* Instructions to follow
Nothing left out, nothing added: return the full set of records.

++++ Task inputs ++++

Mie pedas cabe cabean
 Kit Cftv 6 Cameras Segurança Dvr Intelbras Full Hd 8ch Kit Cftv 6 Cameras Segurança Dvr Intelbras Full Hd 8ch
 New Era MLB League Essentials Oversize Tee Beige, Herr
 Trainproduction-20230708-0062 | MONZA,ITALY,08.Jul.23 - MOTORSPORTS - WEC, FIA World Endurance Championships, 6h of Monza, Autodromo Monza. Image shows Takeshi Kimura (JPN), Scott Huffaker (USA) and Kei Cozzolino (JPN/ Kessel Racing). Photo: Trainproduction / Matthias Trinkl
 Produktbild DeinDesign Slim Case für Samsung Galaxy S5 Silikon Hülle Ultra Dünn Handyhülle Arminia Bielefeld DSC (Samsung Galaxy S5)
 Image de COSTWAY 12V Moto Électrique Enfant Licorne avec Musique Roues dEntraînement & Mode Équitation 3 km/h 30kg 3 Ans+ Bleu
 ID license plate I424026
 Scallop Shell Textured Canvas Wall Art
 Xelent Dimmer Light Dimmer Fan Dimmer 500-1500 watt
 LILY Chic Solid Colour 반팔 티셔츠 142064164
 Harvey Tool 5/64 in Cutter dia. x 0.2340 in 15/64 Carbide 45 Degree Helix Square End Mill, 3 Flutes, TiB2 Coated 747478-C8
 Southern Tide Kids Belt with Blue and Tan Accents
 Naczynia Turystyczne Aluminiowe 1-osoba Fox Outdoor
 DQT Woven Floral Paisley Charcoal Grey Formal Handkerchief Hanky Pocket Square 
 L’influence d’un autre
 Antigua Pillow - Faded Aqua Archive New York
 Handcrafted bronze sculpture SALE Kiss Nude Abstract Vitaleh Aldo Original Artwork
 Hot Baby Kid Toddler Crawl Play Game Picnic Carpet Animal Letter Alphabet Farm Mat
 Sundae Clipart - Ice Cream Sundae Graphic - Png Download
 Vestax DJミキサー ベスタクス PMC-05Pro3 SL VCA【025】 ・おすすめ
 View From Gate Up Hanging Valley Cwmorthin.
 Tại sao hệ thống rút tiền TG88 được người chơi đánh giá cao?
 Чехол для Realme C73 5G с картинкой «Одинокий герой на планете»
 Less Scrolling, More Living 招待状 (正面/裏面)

++++

* Task answer
Mie pedas cabe cabean
 Kit Cftv 6 Cameras Segurança Dvr Intelbras Full Hd 8ch Kit Cftv 6 Cameras Segurança Dvr Intelbras Full Hd 8ch
 New Era MLB League Essentials Oversize Tee Beige, Herr
 Trainproduction-20230708-0062 | MONZA,ITALY,08.Jul.23 - MOTORSPORTS - WEC, FIA World Endurance Championships, 6h of Monza, Autodromo Monza. Image shows Takeshi Kimura (JPN), Scott Huffaker (USA) and Kei Cozzolino (JPN/ Kessel Racing). Photo: Trainproduction / Matthias Trinkl
 Produktbild DeinDesign Slim Case für Samsung Galaxy S5 Silikon Hülle Ultra Dünn Handyhülle Arminia Bielefeld DSC (Samsung Galaxy S5)
 Image de COSTWAY 12V Moto Électrique Enfant Licorne avec Musique Roues dEntraînement & Mode Équitation 3 km/h 30kg 3 Ans+ Bleu
 ID license plate I424026
 Scallop Shell Textured Canvas Wall Art
 Xelent Dimmer Light Dimmer Fan Dimmer 500-1500 watt
 LILY Chic Solid Colour 반팔 티셔츠 142064164
 Harvey Tool 5/64 in Cutter dia. x 0.2340 in 15/64 Carbide 45 Degree Helix Square End Mill, 3 Flutes, TiB2 Coated 747478-C8
 Southern Tide Kids Belt with Blue and Tan Accents
 Naczynia Turystyczne Aluminiowe 1-osoba Fox Outdoor
 DQT Woven Floral Paisley Charcoal Grey Formal Handkerchief Hanky Pocket Square 
 L’influence d’un autre
 Antigua Pillow - Faded Aqua Archive New York
 Handcrafted bronze sculpture SALE Kiss Nude Abstract Vitaleh Aldo Original Artwork
 Hot Baby Kid Toddler Crawl Play Game Picnic Carpet Animal Letter Alphabet Farm Mat
 Sundae Clipart - Ice Cream Sundae Graphic - Png Download
 Vestax DJミキサー ベスタクス PMC-05Pro3 SL VCA【025】 ・おすすめ
 View From Gate Up Hanging Valley Cwmorthin.
 Tại sao hệ thống rút tiền TG88 được người chơi đánh giá cao?
 Чехол для Realme C73 5G с картинкой «Одинокий герой на планете»
 Less Scrolling, More Living 招待状 (正面/裏面)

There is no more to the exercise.